Crystal Collier said...

Awesome. My hubby and I were talking just yesterday about things we'd like to do one day, and a European castle tour was one of the things on my list. When I saw the L shape, I instantly started thinking of some modern houses I see all the time. Now I get it! They're just guarding their front porch. ;)

L. Diane Wolfe said...

Oh those are beautiful. I never knew there was a master plan behind the L shape.

Empty Nest Insider said...

I also never thought of the significance of L shaped castles. They are practical, as well as aesthetically pleasing.

Julie

Kat Sheridan said...

Castles! You know I love them. And lots of great information here!

Dani Harper said...

This was fascinating! Thanks for the post. Some of it I knew from my own research, but the significance of the L-shape eluded me. I'll be sure to share this with my hubby (who is also a history addict!)

~Sia McKye~ said...

Alex--there are quite a few castle built on other defensive plans like the Z and the T. Actually, when some of the castles were updated they moved to a T shape by adding another wing.

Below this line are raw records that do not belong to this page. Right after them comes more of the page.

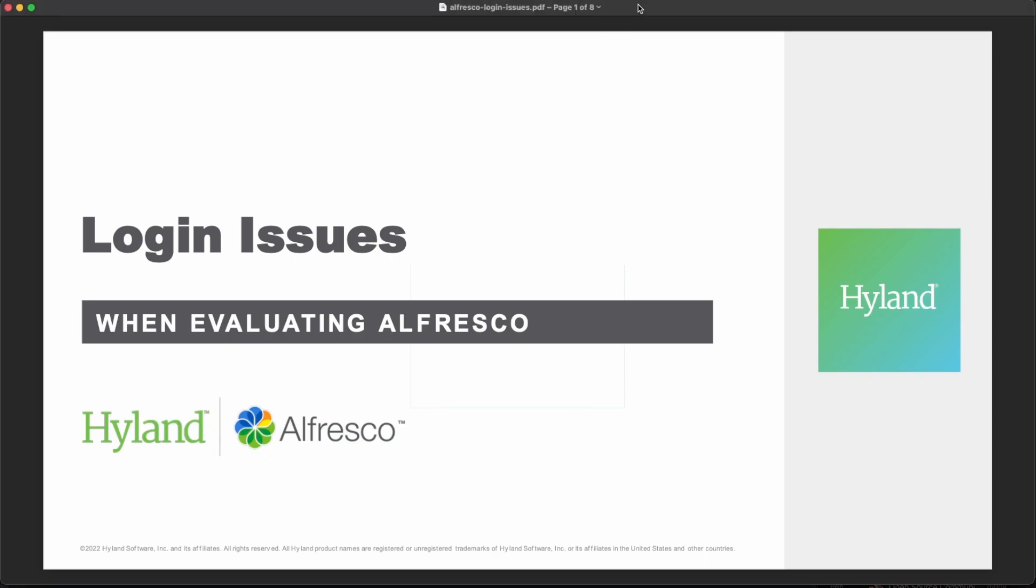Welcome to a new Alfresco video. We are talking today about some common login issues when people evaluate Alfresco, especially related to the Docker Compose deployment.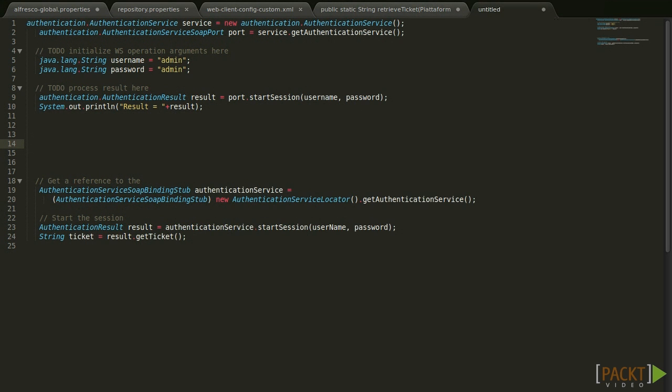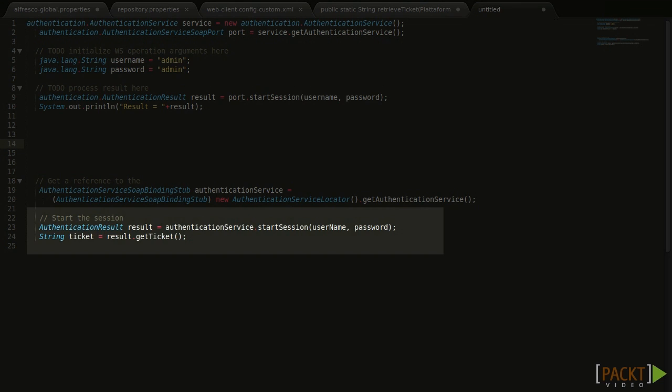These are the examples that we could use to start using Alfresco web services. The method start session is provided with a username and password and, if authentication is successful, returns a ticket. This ticket can then be used when calling other web service methods.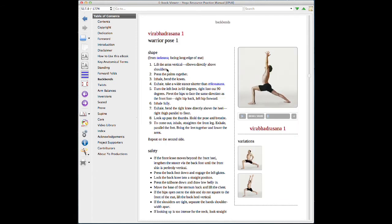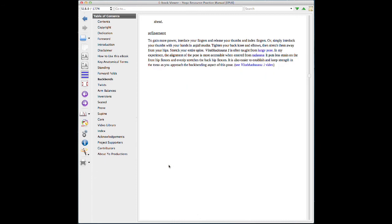If we click on it, we can have the same features as before, such as hearing the Sanskrit pronunciation — Virabhadrasana 1 — see the variations, shape, safety, and refinement.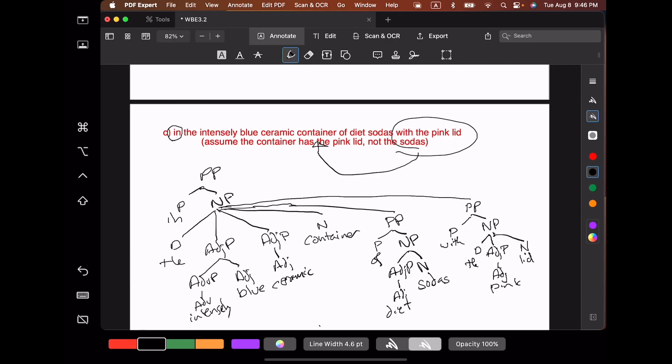Remember, when you're drawing trees from the top to the bottom, it's important to check that all of the words in the phrase are in fact in your tree, and it's important to check that each item in your tree is licensed by a rule.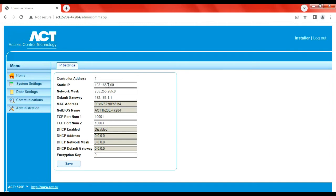You can see that DHCP is disabled — as mentioned, I've switched the DHCP enable switch off. So we're going to change this IP address now.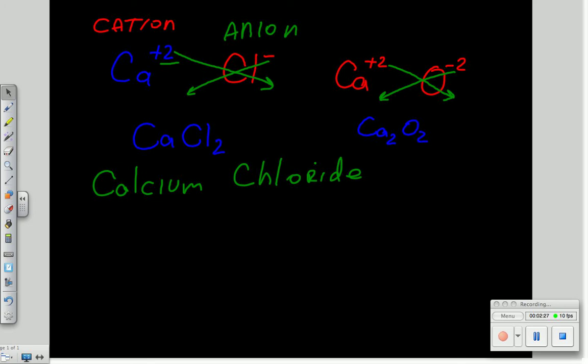Now ionic compounds are always written in what's referred to as an empirical form, where they're written in their simplest whole number ratios. This two and that two cancel each other out, and the compound becomes CaO.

Michelle--yes indeed. Many castles castles were set on borderlands where there was more unrest. They had to protect and stand against enemies. The tower was one of the first things built. Quite defensible even before the protective walls were completed. Everything could be pulled into the tower. The lower area was very large and war horses could be protected there.

~Sia McKye~ said...

Crystal, there are castles, like Culzean, that offer accommodations.

Diane--don't know that I'd want to LIVE in one but I'd feel safe in one during a war especially if I had a water source--which many did.

Julie--different world then. First thought was protection.

Kat--I love them too! Just a bit from research files. :-)

Dani--I knew I would love your hubs!